Fakat bu ortamı ve psikolojileri yaratan, bunun oluşmasını bilinçli bir politika çerçevesinde öngörerek uygulayan siyasi iktidarın da iyi görülmesi gerekir. İnsanları daha güçlü denetim altına alabilmek için parçalamayı, birbirinden uzaklaştırarak kendi dünyalarına hapsetmeyi öngören bu politikalar, insanları dünyanın kendi yaşamları kadar dar olduğuna inandırmaya çalışıyor. 
Toplumsal sorunları çözmek yerine zamana yayarak çürütmeyi esas alan küresel kapitalizmin Türkiye kolu, AKP hükümetinin politikaları Türkiye ve Kürdistan toplumunu ciddi bir şiddet sarmalına sürüklüyor. AKP hükümeti siyaseten uyguladığı kışkırtıcı, şiddeti ve savaşı teşvik eden politikaların yanında bu şiddet ve savaş ortamlarında kullanacağı insan psikolojilerini de hazırlamak konusunda ciddi bir öngörü sahibi.

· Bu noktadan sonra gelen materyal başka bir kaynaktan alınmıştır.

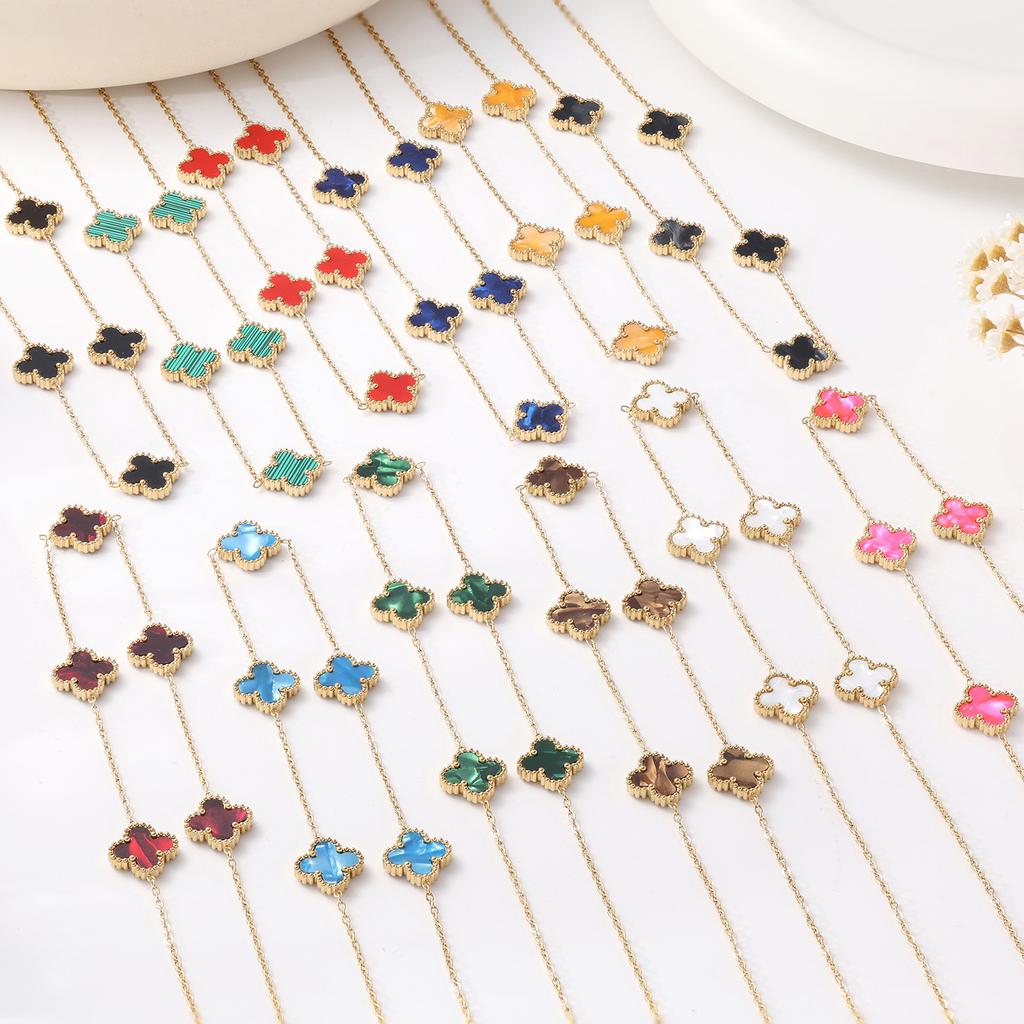 18k13mm Double-sided Five-flower Lucky Clover Titanium Steel Necklace Does Not Fade Necklace Female Fashion Clavicle Chain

Toplumu suça teşvik eden ortamları yaratmanın yanında insanların birbirleriyle olan ilişkilerinde şüpheyi, kuşkuyu derinleştiren politikalar dayanışmayı dinamitleyerek iktidar karşıtı bir toplumsal iradenin oluşmasını da engellemeye çalışıyor. 

Çok titiz, incelikli ve sinsice hazırlanan bu projelerin iktidar açısından ne anlam taşıdığı, yarattığı avantajların ne olduğu konusu ise üzerinde önemle durmayı gerektiren bir husus… Bunun çözümlenmesi bireyin yaşadığı olayları algılaması ve bunun karşısında takınması gereken tutumu görebilmesi açısından da oldukça önemli. 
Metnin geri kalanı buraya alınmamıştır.